The Forbidden Church
By Fin Sheridan
Every day, in the CBN Europe offices, we have a devotional slot. Just before lunch, each team gathers to pray, read the Bible and grow together. Last week, Milly, our Superbook team leader led us through a time of prayer for the persecuted church.
Open Doors, a UK charity that focuses on serving and supporting persecuted Christians around the world, provide an annual report called “The World Watch List” which details the top 50 most dangerous places to be a Christian. The survey “measures the degree of freedom Christians have to live out their faith in five spheres of life – private, family, community, national and church life – plus a sixth sphere measuring levels of violence.”
The methodology provides ‘persecution points’ for each sphere. As a result of the WWL process, each country gets a specific final score and is ranked accordingly.
“It’s all very well saying that we’d die for God – I wonder if we’ll be brave enough to live for him?”

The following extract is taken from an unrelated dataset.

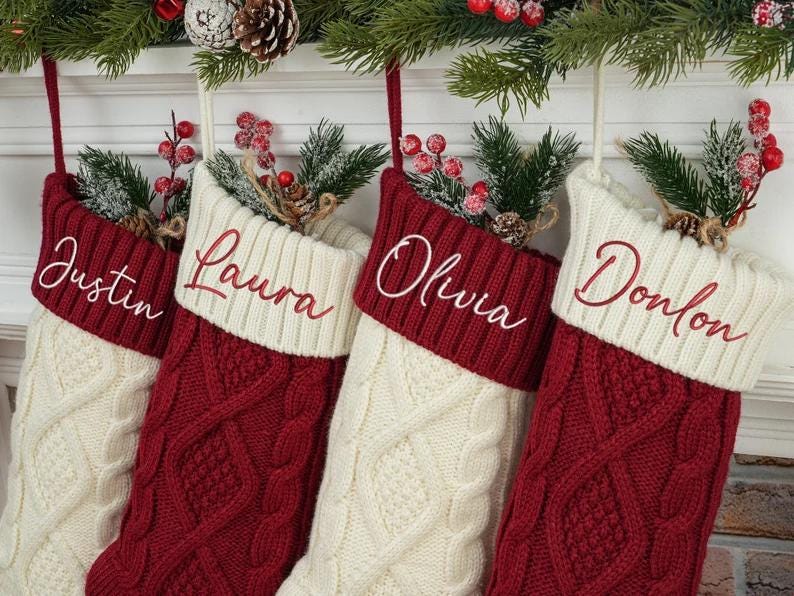 May include: Four personalized Christmas stockings. Each stocking is cream-colored with a red cuff and cable knit design. The names "Justin", "Laura", "Olivia", and "Donlon" are embroidered in white script. Greenery and berries adorn the top.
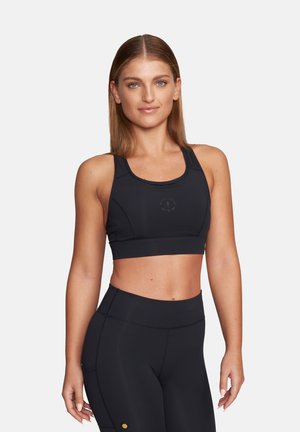 Junge Frau mit glattem Haar, die einen schwarzen Sport-BH und hoch taillierte schwarze Leggings trägt, steht vor einem schlichten Hintergrund.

In our devotional time, we each took it in terms to pray for a particular country. As we read through the list of each place, and the penalties for being a follower of Jesus, it was humbling to imagine what it must be like to be there. To watch family members be arrested and tortured, to risk everything, just for being a Christian.
I like to think that, if I was threatened for my faith, I wouldn’t deny God. Just as they taught us in Sunday School, I’d be brave like Daniel or Joseph. And yet, as we prayed for people unwilling to deny Jesus, I felt the conviction of someone who is reluctant and sometimes embarrassed to talk him.
I get nervous. I miss opportunities. I don’t think I’m alone in this, so the question that I think we have to ask ourselves is this: It’s all very well saying that we’d die for God – I wonder if we’ll be brave enough to live for him?